:: Data shown ::
=====

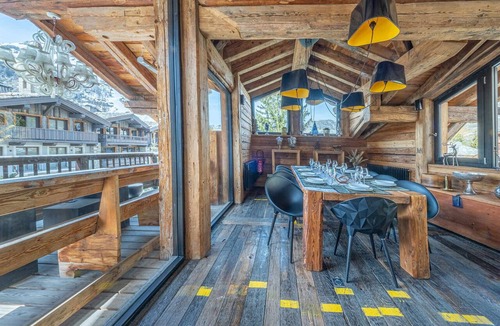 Val-d'Isere Ski Chalet | Luxurious Chalet with Pool, Hammam & Stunning Views in Val-d'Isère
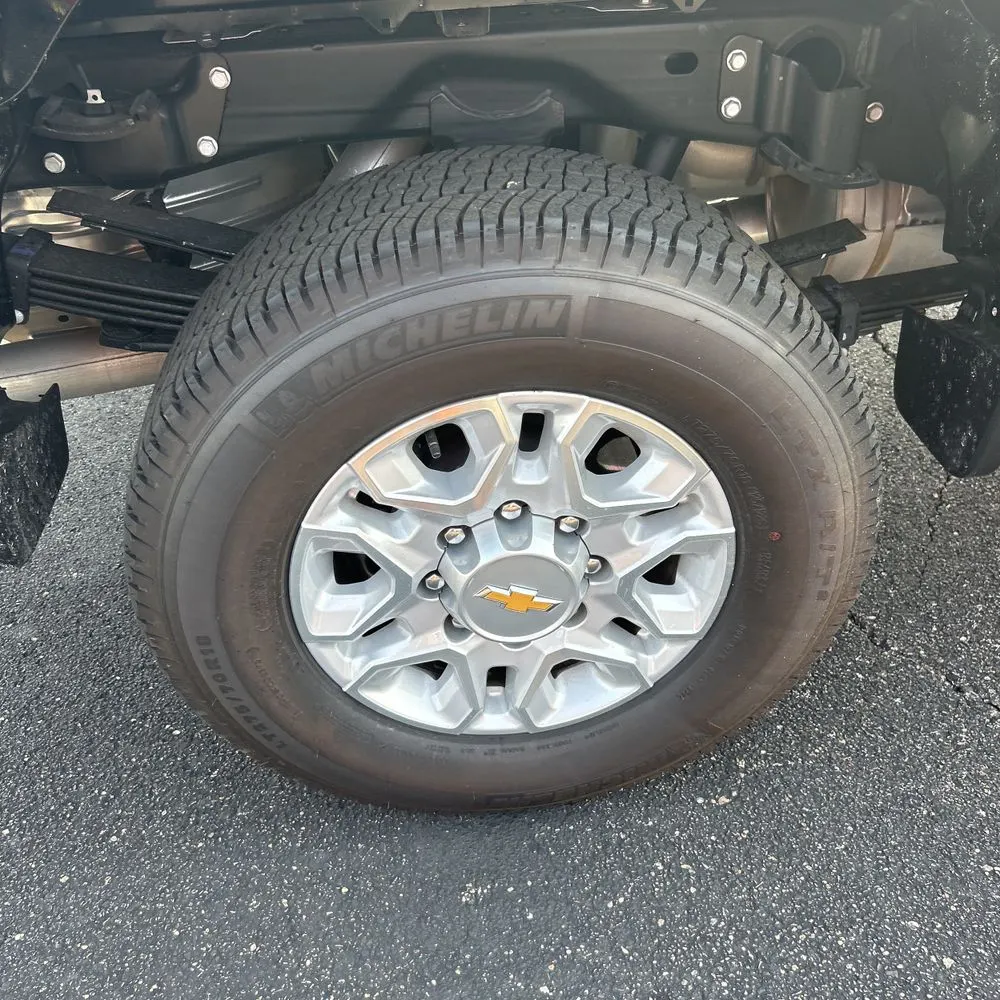 2025 Chevrolet Silverado 3500 LT Crew Cab 4WD LWB SRW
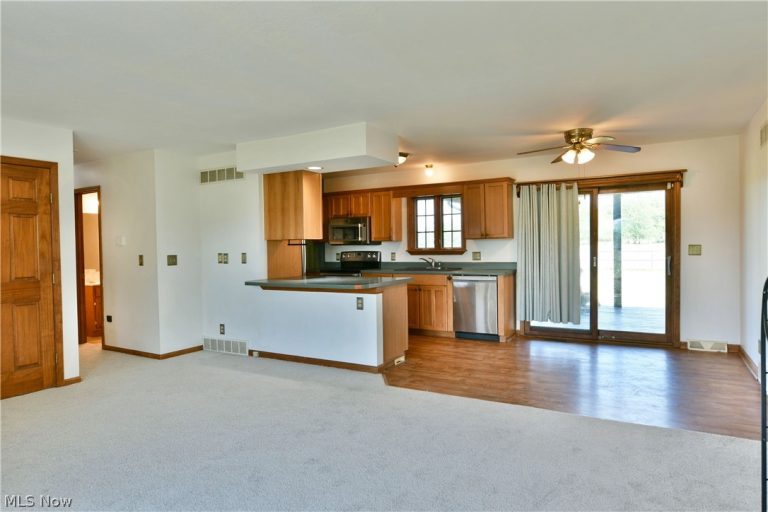 6525 Duck Creek Road, Berlin Center, OH - Photo 6
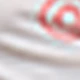 أبيض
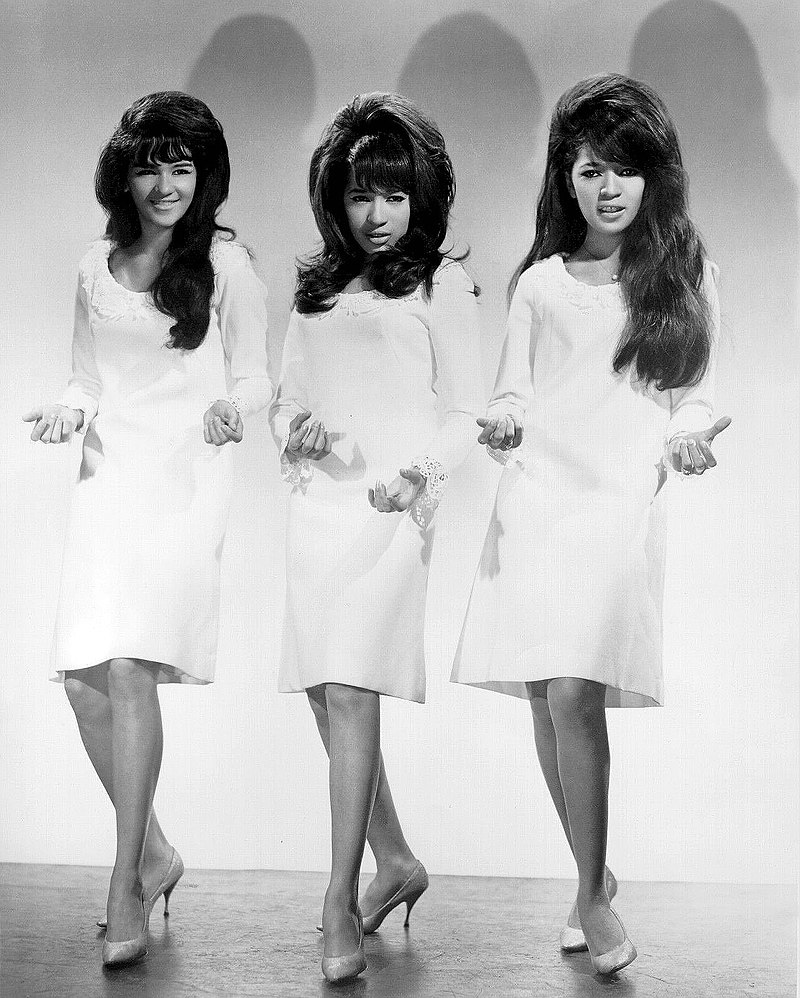 An Image of The Ronettes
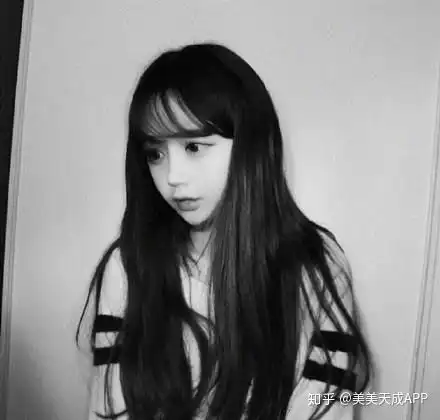 适合厚黑头发的女生发型,天然发色一样也超美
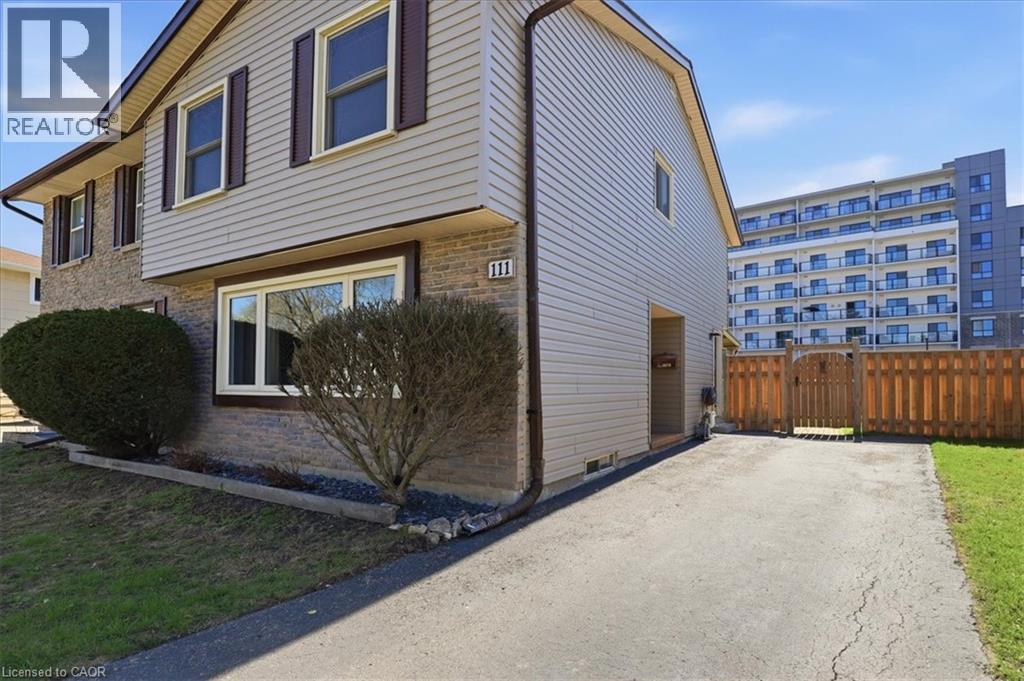 111 SELKIRK Drive thumbnail 3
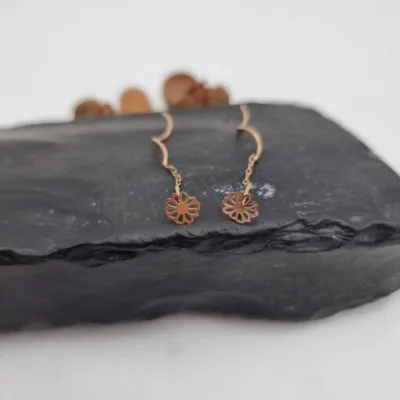 قیمت گوشواره طلا بخیه طرح گل زنانه و دخترانه 18 عیار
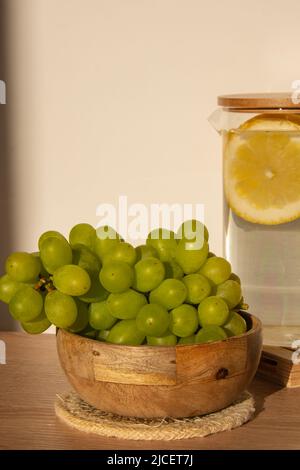 Grüne Trauben liegen auf Öko-Gericht. Umweltfreundliche Wahl und freundliche Natur. Das Konzept der Welt ohne plastikfreien und sauberen Planeten. Umweltfreundliches Geschirr aus natürlichen Materialien Stockfoto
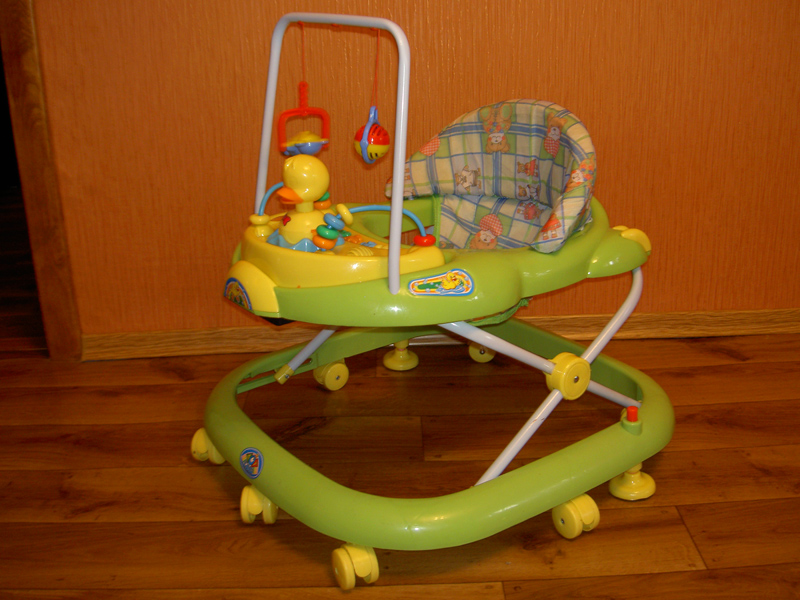  "Chicco",     ,    .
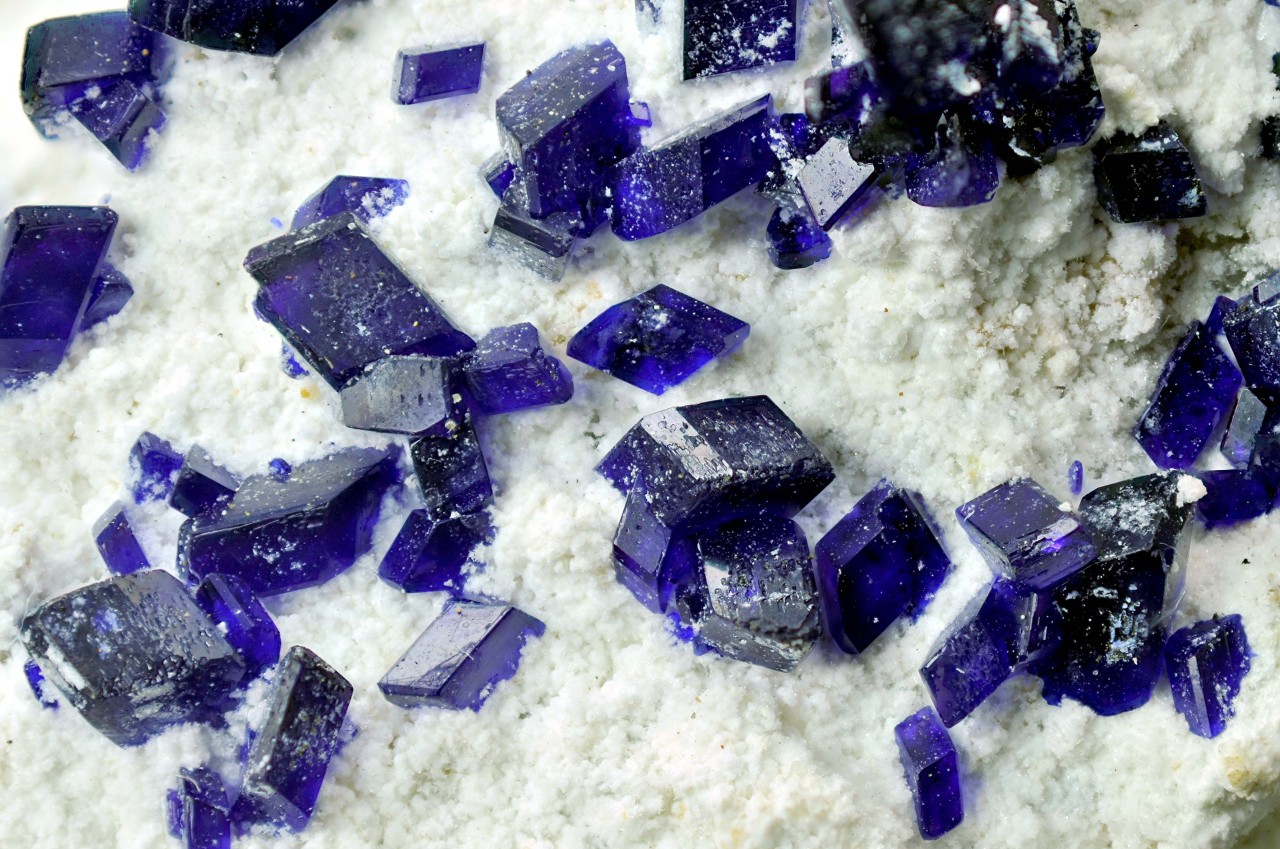 ifuckingloveminerals:  Henmilite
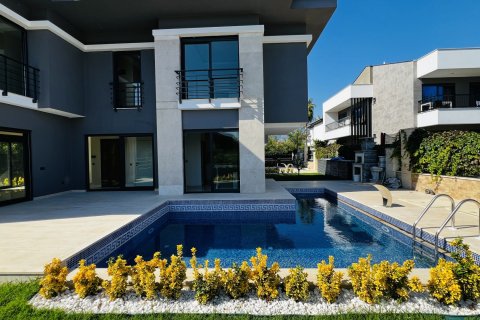 3+1 Villa  in Kemer, Antalya, Türkei Nr. 212323 - 2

=====

:: Instructions to follow ::
Could you output the entire listing verbatim while omitting its pictures?

:: Task solution ::
 Val-d'Isere Ski Chalet | Luxurious Chalet with Pool, Hammam & Stunning Views in Val-d'Isère
 2025 Chevrolet Silverado 3500 LT Crew Cab 4WD LWB SRW
 6525 Duck Creek Road, Berlin Center, OH - Photo 6
 أبيض
 An Image of The Ronettes
 适合厚黑头发的女生发型,天然发色一样也超美
 111 SELKIRK Drive thumbnail 3
 قیمت گوشواره طلا بخیه طرح گل زنانه و دخترانه 18 عیار
 Grüne Trauben liegen auf Öko-Gericht. Umweltfreundliche Wahl und freundliche Natur. Das Konzept der Welt ohne plastikfreien und sauberen Planeten. Umweltfreundliches Geschirr aus natürlichen Materialien Stockfoto
  "Chicco",     ,    .
 ifuckingloveminerals:  Henmilite
 3+1 Villa  in Kemer, Antalya, Türkei Nr. 212323 - 2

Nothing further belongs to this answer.